Photo: The Mantis and the Grasshopper. I once gathered blue paint chips to make my own cyanometer to document the different colors of the sky. Now I think I’ll start collecting colors of  green. This week, I was struck by two different and spectacular shades.

A few years ago, I heard Wade Davis, the amazing writer, explorer, botanist, talk about what he’s learned about ethno-botany. He showed a film about a recent trip he’d made to South America, in which he asked indigenous women living there how they knew the proper quantities of  the many different plants making up Ayahuasca, the psychoactive brew used in psychedelic, ceremonial, or shamanic experiences. “The plants told us,” the women said, matter-of-factly. Which helped me understand how throughout the world and across time, indigenous people have ‘known’ which plants have which medicinal qualities, which don’t, and which are fatal if ingested.

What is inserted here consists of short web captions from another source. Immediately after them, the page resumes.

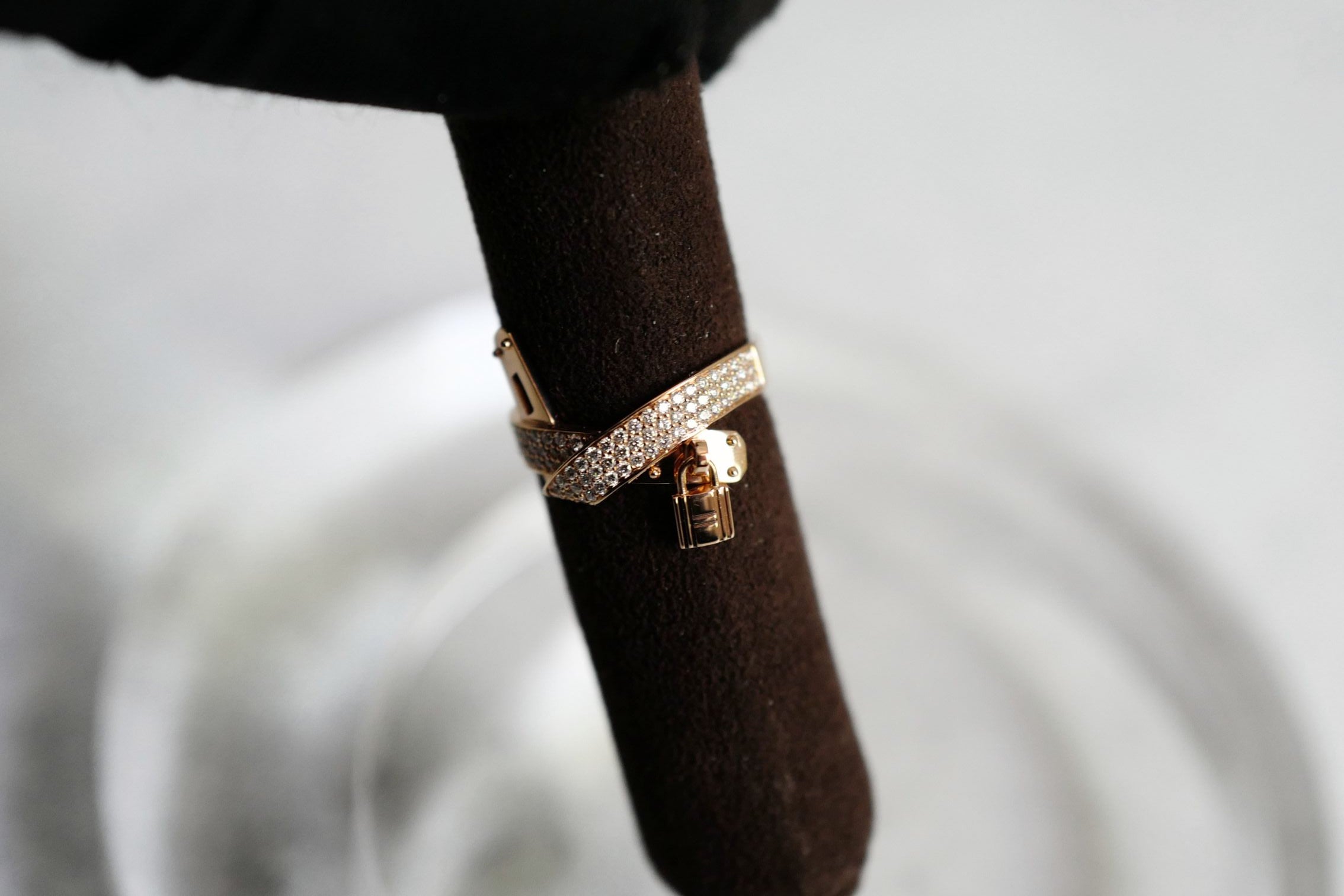 Hermès Kelly Gavroche Ring 18K Rose Gold 94 Diamonds Size 53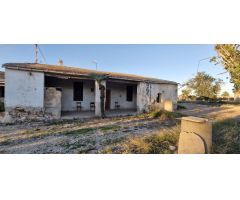 CASA ADOSADA PARA REFORMAR CON 10.000 PARCELA EN LAS BAYAS/ ELCHE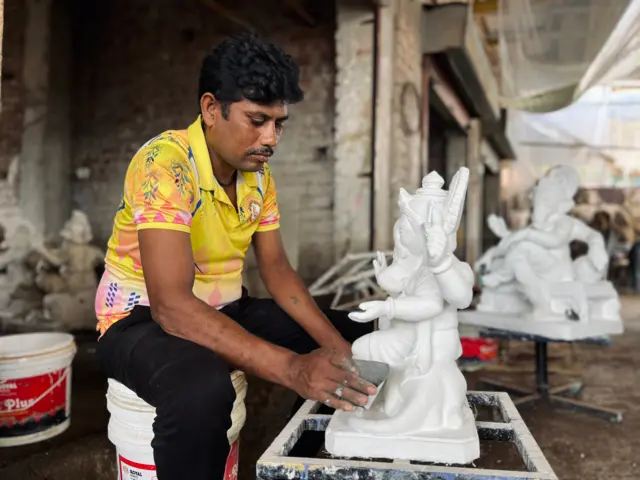सुमारे अडीचशे कार्यशाळांना यंदाच्या पुराचा फटका बसला आहे.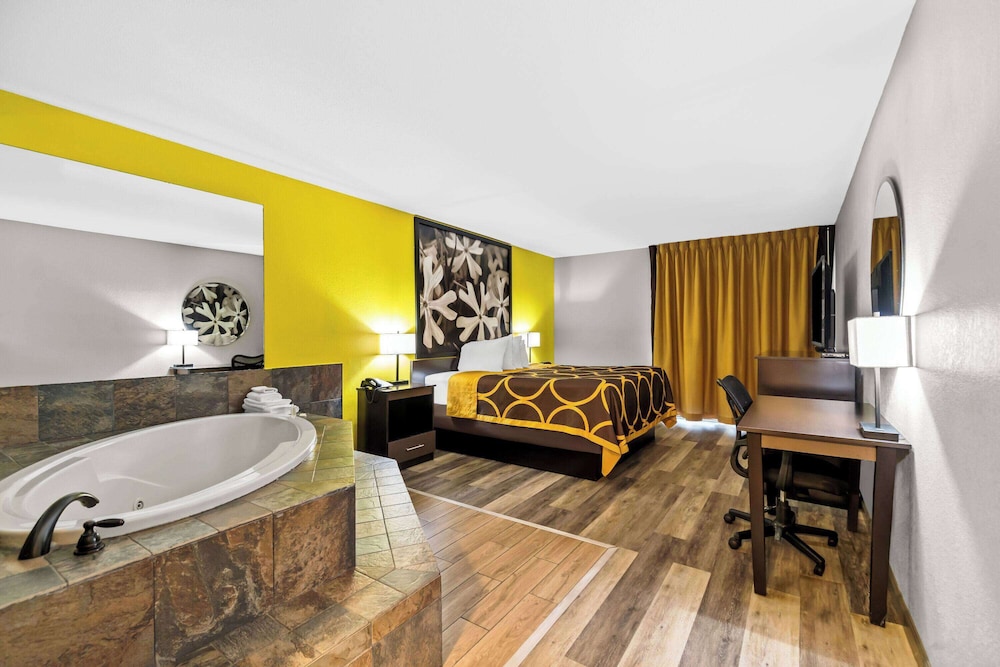 Suite, 1 King Bed, Non Smoking photo 1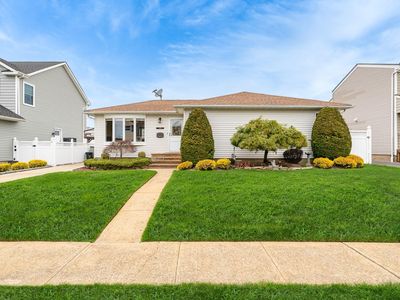 3609 Woodward Avenue, Seaford, NY, 11783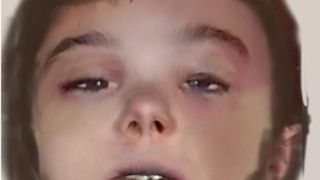 Criminaliștii au &icirc;ntocmit portretul robot al fetiței incendiate din Arad. Noi detalii șocante descoperite de anchetatori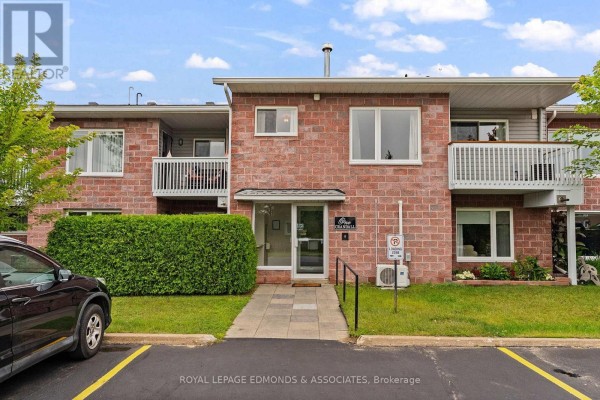 212 - 1 Crandall Street, Pembroke, ON, photo 2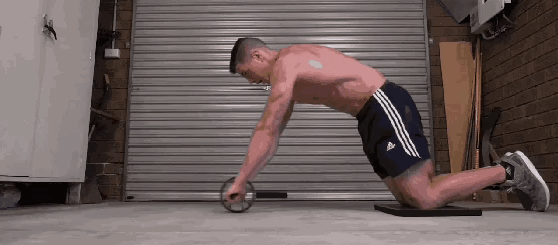 肌群|最容易被忽视的“核心肌群”,做好4个动作,快速增强核心力量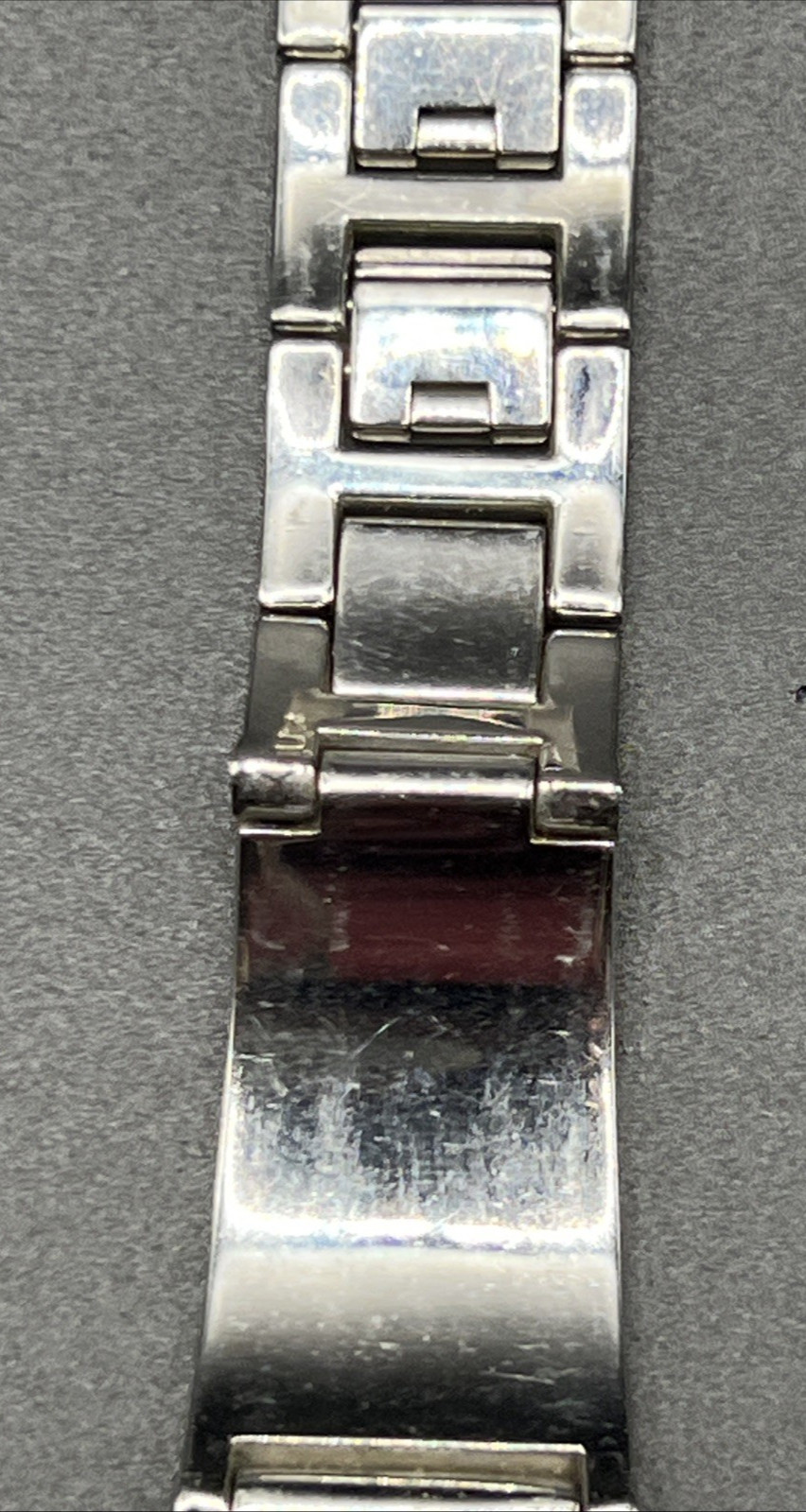 Fossil ES-2763 Women’s Watch Silver Tone Floral Bracelet 30mm Quartz Analog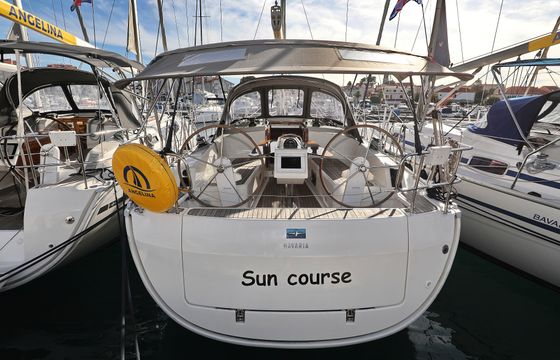 Bavaria Cruiser 37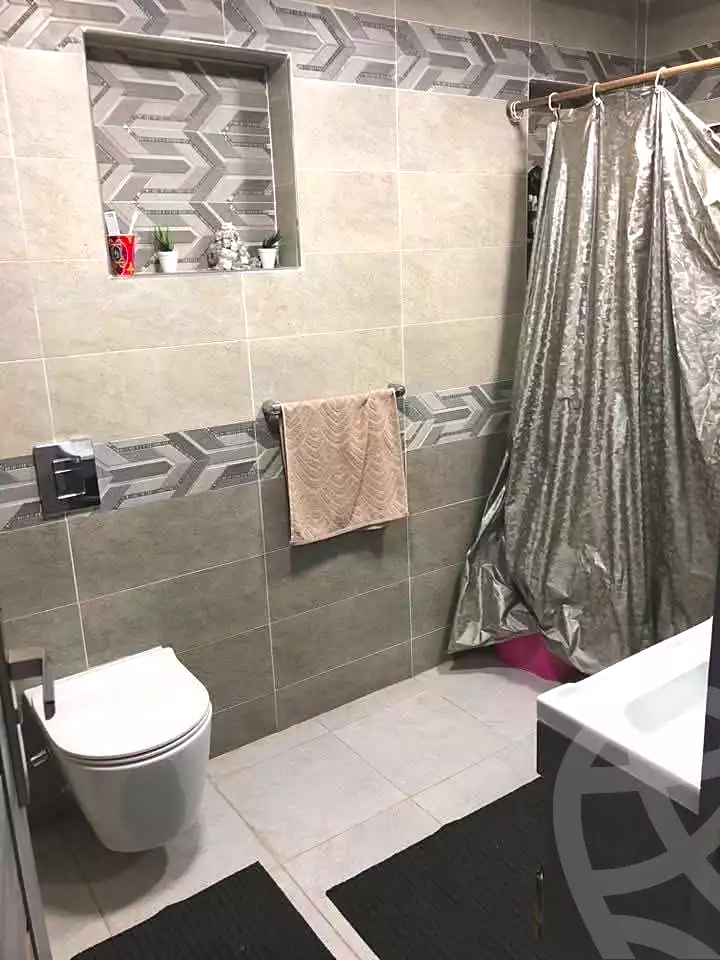 https://aqarmap.com.eg/ar/listing/7242271-for-sale-cairo-ain-shams-jsr-lswys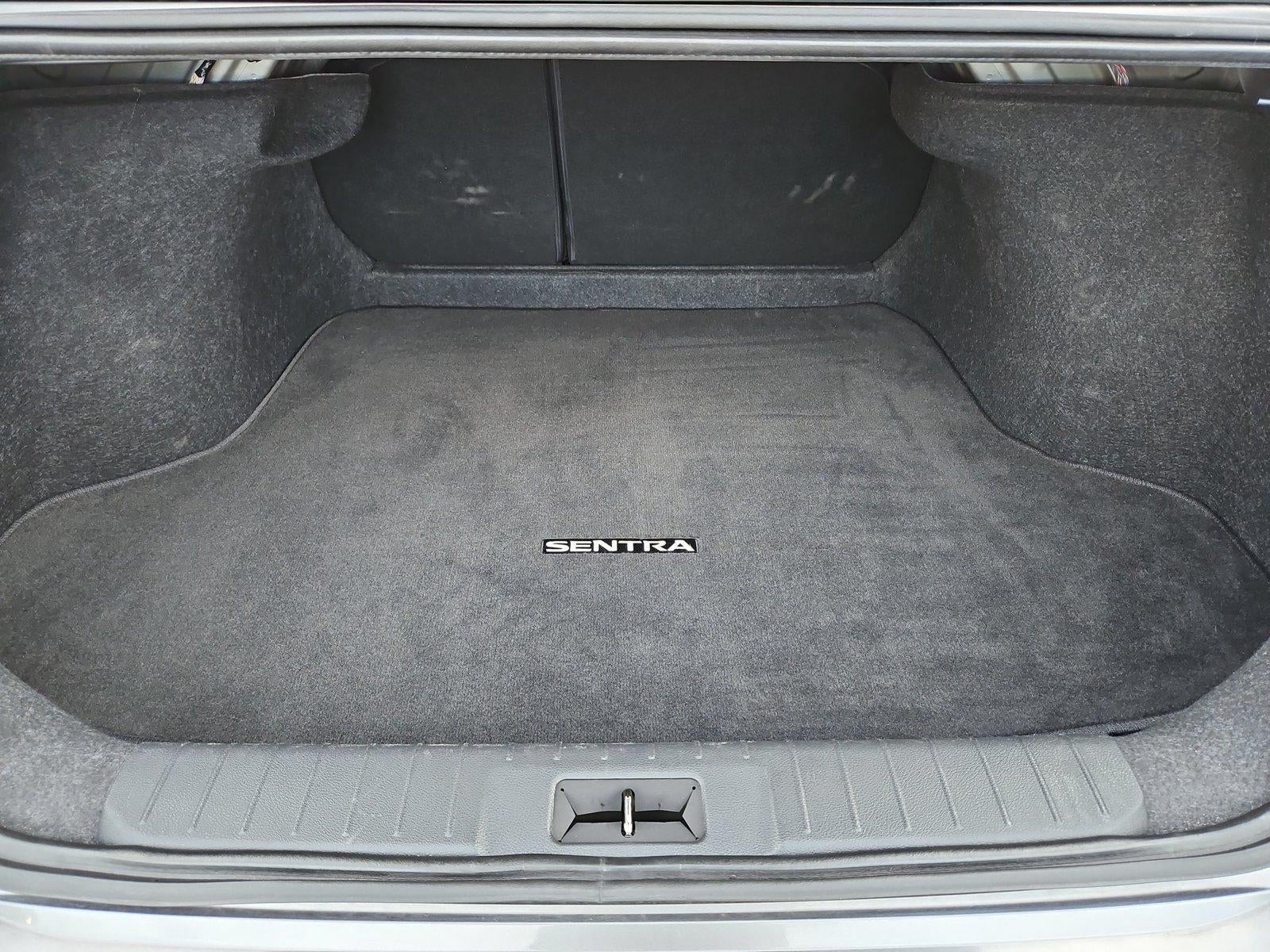2025 Nissan Sentra SR CVT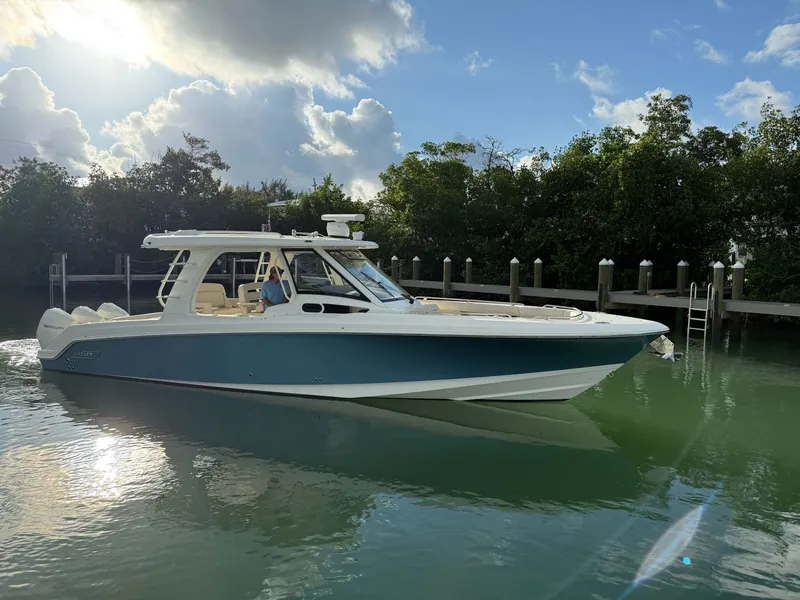 Slide: The Image of Boston Whaler 350 REALM 2021 - 6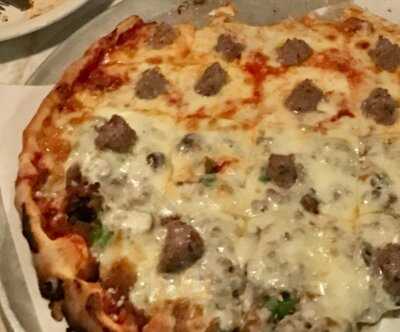 Basil's Pizza Palace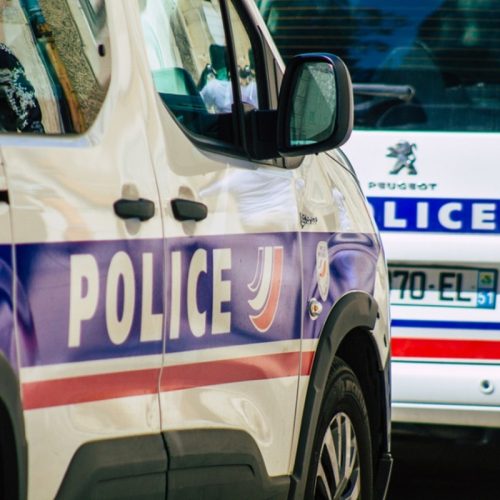 Αυτοκίνητο έπεσε σε πλήθος – «Αλλαχου Ακμπαρ» φώναζε ο δράστης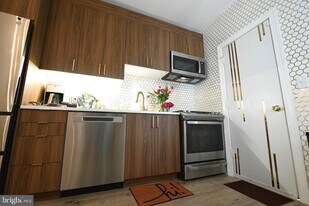 2952 N Bailey St in Philadelphia, PA - Building Photo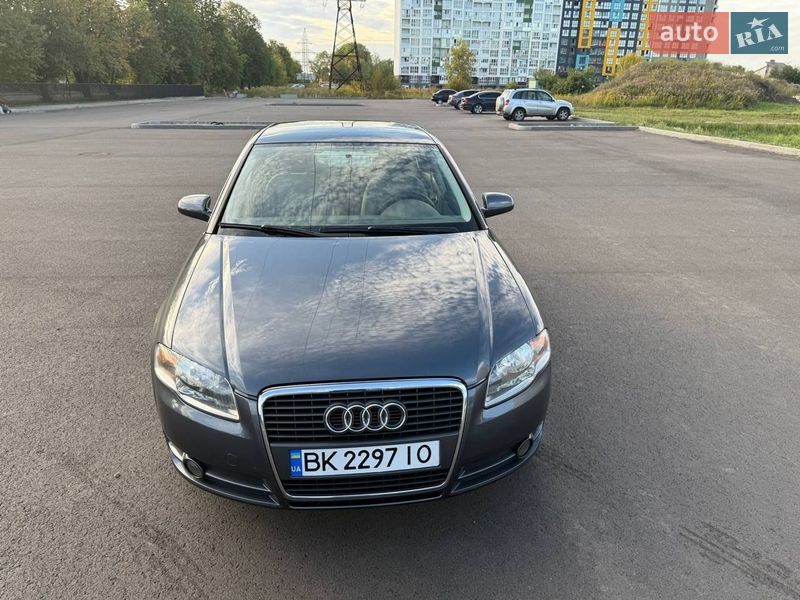 Седан Audi A4 2005 в Семеновке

I’d always wondered if some dangerous system of ‘trial and error’ had occurred, stories from which have been passed down through generations. Which is such a disenchanted way to look at it. Take datura from the nightshade family. They’ve been used forever as medicine, for ritual intoxication, but also poison. I mean, really, how many people died figuring out that one? Turns out when approached spiritually, the datura must have let the practitioner know which part of the plant and in what quantity to use for which specific purpose. There are likely 10,000 examples like this of “Indigenous Knowledge” that might be beneficial to us as we’re forced to face the coming relentless impacts of our warming planet. I wonder if the term  “enchanted” minimizes the power and grace of the lives indigenous people lived and continue to live, the lives all of our ancestors lived for tens of thousands of generations until modernity dis-enchanted our world, not that many centuries ago. I’ll keep using  ‘enchanted’ (along with ‘re-enchanted’). For me it’s become synonymous with ‘evolutionary’, referring to the way our species evolved to live. Which suggests that our ‘evolving’  as successfully into our future, as we’ve done in our past, requires ‘enchantment’.